“But hardware wallets are more secure…”

Here are some points you might still consider along with that premise:

Flexibility: You can do far more with a Frankenwallet than with the stake pool or key management tools on a hardware wallet.

We should assume the UI for hardware wallets will be state-of-the art, but some including the author will never be satisfied without a full scale, functional computer screen in the air-gapped environment… which for the Frankenwallet includes the ability to:

  • create and edit secure text documents and spreadsheets
  • access the host machine files through rich-data applications
  • prepare email and other communications (to save on the host, not send!)
  • package your crypto will & testament with the encrypted keys & seed phrases in it

…and more: limited only by your imagination and growing with your workflow needs.

Privacy: Nobody ever needs to know that you have a Frankenwallet.

As the world governments, regulators, tax authorities and criminals increase their efforts to identify cryptocurrency holders, there is a threat of security breach via the purchase or warranty records for the premium hardware wallets, which naturally require owner authentication and support.  Please see and consider: Ledger users threaten legal action after hacker dumps personal data (2020-12-20)

Autonomy: You might trust the company making the “black box” but can you trust the world itself?

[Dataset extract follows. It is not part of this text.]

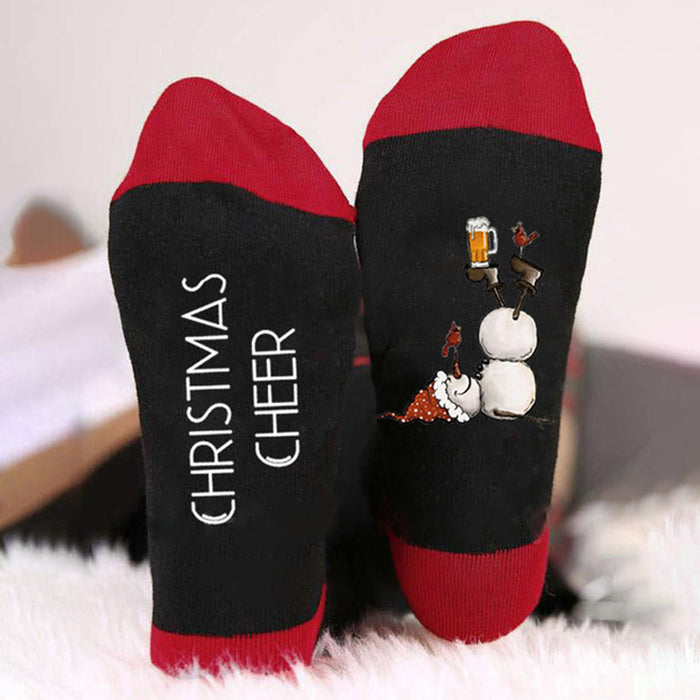 Christmas Sock Color Blocking Sub Letter Medium Tube Sock Trend Snowman Printed Sock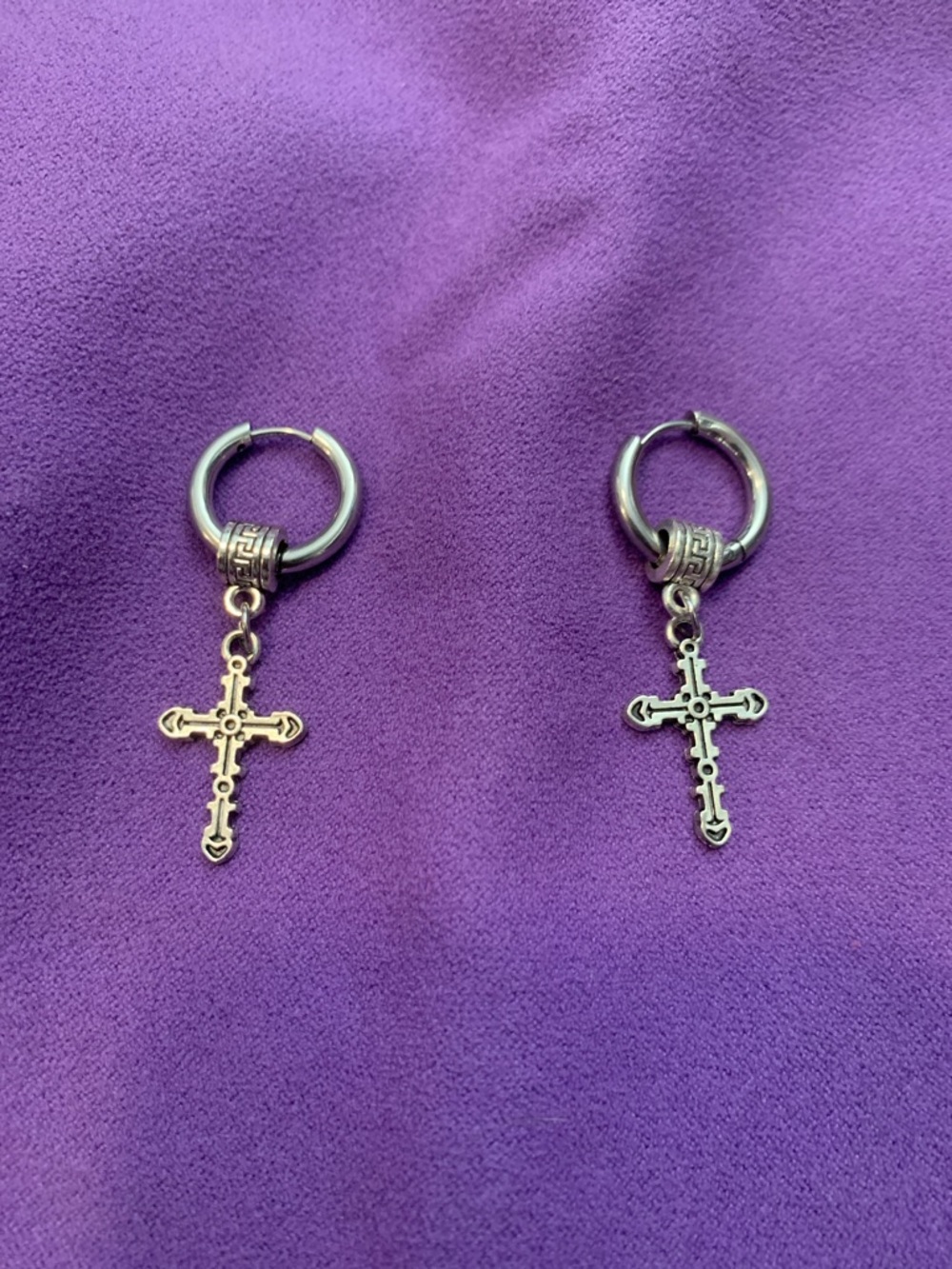 Titanium Steel Cross Hoop  Earrings unisex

Security conscious people will know that neither closed nor open platforms are perfect.  Yet there is a long standing argument supporting open source tools: that code visible to the public will quickly weed out any additions that provide “back doors” through all but unanticipated and accidental exploits.  Hardware wallet users should ask themselves if they can have that same level of trust in a device manufactured in secret: especially in this modern era when covert surveillance through electronic devices, often government-mandated, has become the rule rather than the exception.